Do not stand at my grave and weep
I am not there I do not sleep
I am a thousand winds that blow
I am the diamond glints on snow
I am the sun on ripened grain
I am the gentle autumn rain
When you awaken in the morning's hush
I am the swift uplifting rush
Of quiet birds in circled flight
I am the soft stars that shine at night
Do not stand at my grave and cry
I am not there; I did not die

The last part is the poem I had added to my Dad's funeral cards. I put some of my favorite parts in bold. "Afraid to heal, 'cause that would be goodbye" that specifically struck me hard because it feels so true in regards to my Dad. I've been thinking about him alot being that my son just turned two and he wasn't here to see it.

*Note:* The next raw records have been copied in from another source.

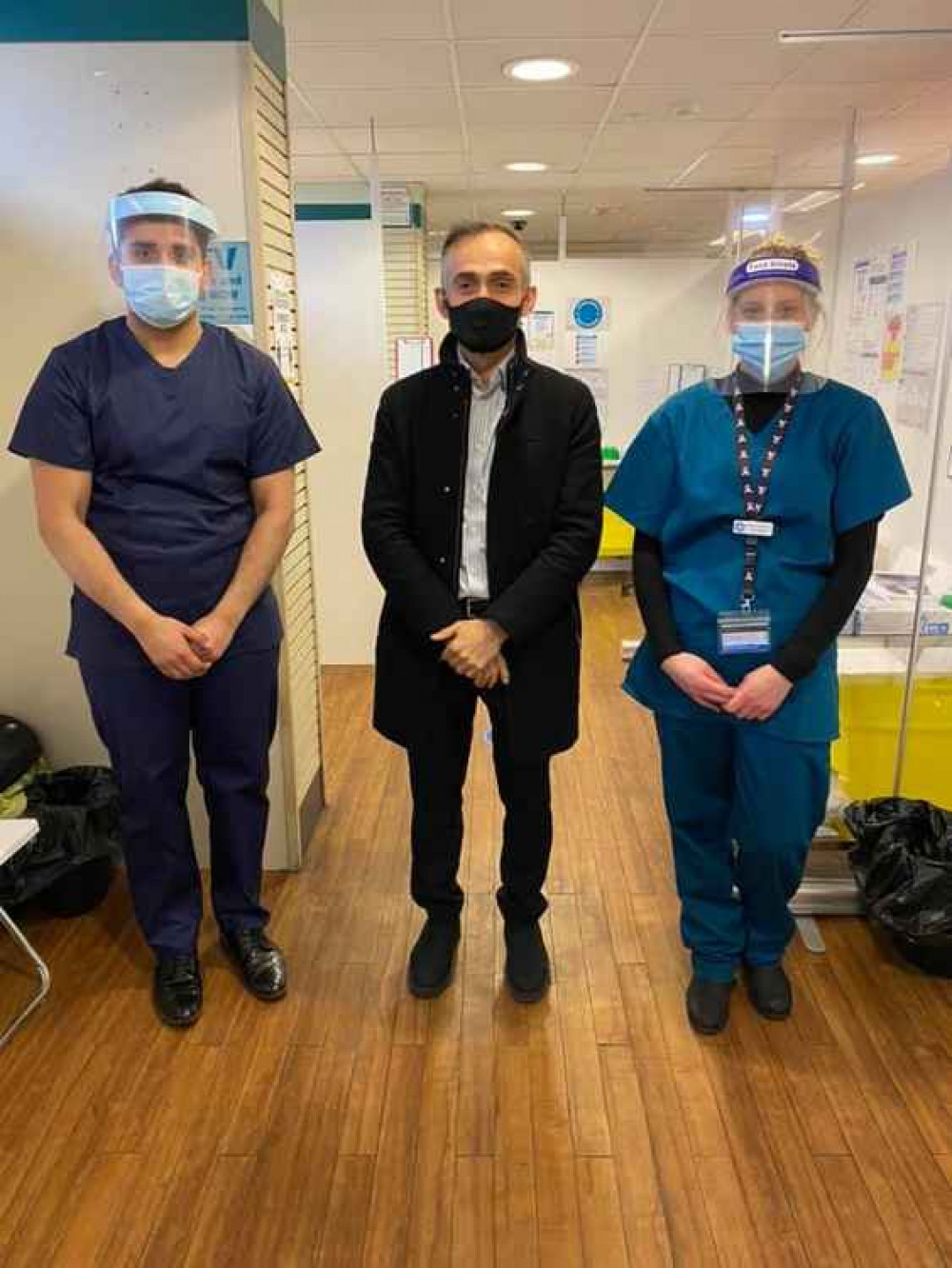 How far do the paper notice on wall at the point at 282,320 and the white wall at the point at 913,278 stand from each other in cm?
158

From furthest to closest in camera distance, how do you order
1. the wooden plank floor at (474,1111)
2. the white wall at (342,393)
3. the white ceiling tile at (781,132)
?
the white ceiling tile at (781,132) < the white wall at (342,393) < the wooden plank floor at (474,1111)

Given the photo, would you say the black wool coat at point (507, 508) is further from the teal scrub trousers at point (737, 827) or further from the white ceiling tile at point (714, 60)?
the white ceiling tile at point (714, 60)

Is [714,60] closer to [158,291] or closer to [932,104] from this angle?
[932,104]

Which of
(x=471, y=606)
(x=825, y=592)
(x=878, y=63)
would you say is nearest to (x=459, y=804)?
(x=471, y=606)

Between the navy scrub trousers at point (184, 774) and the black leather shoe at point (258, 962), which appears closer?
the navy scrub trousers at point (184, 774)

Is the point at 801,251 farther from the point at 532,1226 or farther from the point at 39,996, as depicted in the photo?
the point at 39,996

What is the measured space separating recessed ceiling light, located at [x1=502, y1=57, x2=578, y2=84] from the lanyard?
2331 millimetres

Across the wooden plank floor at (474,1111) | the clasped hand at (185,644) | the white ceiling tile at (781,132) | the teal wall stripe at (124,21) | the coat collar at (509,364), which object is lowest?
the wooden plank floor at (474,1111)

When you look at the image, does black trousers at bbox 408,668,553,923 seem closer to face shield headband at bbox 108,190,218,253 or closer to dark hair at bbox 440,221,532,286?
dark hair at bbox 440,221,532,286

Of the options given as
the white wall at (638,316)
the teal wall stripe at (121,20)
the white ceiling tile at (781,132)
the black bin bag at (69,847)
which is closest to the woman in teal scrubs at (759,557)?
the teal wall stripe at (121,20)

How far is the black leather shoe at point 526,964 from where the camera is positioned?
2.24 m

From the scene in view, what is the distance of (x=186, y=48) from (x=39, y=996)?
227 cm

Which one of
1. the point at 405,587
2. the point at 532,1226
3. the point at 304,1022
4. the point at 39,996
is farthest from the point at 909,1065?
the point at 39,996

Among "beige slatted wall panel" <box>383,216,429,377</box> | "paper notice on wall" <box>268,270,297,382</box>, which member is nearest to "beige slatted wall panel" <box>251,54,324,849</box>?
"paper notice on wall" <box>268,270,297,382</box> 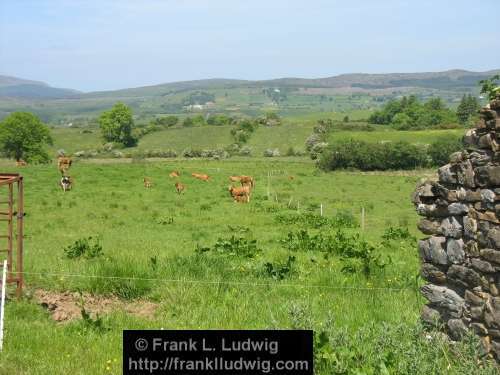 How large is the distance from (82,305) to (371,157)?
2336 inches

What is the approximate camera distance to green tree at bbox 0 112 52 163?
3223 inches

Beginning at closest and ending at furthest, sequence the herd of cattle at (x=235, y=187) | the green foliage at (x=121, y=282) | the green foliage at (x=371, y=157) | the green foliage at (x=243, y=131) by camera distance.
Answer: the green foliage at (x=121, y=282)
the herd of cattle at (x=235, y=187)
the green foliage at (x=371, y=157)
the green foliage at (x=243, y=131)

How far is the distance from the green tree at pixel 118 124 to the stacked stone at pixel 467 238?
112684 millimetres

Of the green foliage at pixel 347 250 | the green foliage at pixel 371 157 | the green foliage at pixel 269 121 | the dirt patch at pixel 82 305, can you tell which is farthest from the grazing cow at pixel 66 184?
the green foliage at pixel 269 121

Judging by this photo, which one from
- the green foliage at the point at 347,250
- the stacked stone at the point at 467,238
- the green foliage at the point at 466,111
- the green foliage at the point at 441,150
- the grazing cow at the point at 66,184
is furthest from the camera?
the green foliage at the point at 466,111

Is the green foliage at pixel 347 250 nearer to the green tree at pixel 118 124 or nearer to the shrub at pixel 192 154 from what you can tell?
the shrub at pixel 192 154

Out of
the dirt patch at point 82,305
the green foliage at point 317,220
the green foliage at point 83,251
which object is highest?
the dirt patch at point 82,305

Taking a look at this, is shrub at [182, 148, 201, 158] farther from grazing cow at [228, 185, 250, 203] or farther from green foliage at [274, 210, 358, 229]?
green foliage at [274, 210, 358, 229]

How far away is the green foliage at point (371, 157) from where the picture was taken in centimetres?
6688

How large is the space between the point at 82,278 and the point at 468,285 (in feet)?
24.2

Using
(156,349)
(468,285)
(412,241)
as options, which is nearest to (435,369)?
(468,285)

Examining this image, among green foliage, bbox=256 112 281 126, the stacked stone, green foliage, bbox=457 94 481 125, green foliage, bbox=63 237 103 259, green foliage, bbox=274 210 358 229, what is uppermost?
green foliage, bbox=457 94 481 125

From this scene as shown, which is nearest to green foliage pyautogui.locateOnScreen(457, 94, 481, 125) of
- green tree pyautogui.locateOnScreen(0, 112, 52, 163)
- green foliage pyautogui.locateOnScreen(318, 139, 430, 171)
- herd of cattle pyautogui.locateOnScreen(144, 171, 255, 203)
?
green foliage pyautogui.locateOnScreen(318, 139, 430, 171)

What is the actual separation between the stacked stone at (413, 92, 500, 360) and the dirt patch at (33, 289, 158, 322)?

It pains me to think how close he was to meeting my son. He died in `06 and my son was born in `07. I know it's not good to dwell on what can never be and yet at night, when I'm up alone, I let my mind go to those places. I try to play computer games and work on my blogs to keep my mind busy enough that I don't get down, but when I lay my head on the pillow, there's no distractions. I lie awake and wonder why, what if..., how could this happen to me and all of the other things that go along with that way of thinking. It's impossible to imagine if you haven't experienced a close death.

Having said that, I believe the positive message of the song as well, that we will make it through and that our loved ones would want us to. It's just so much harder than I could have ever imagined. I may have said it before, but I often feel like I need my dad here to help me through his death.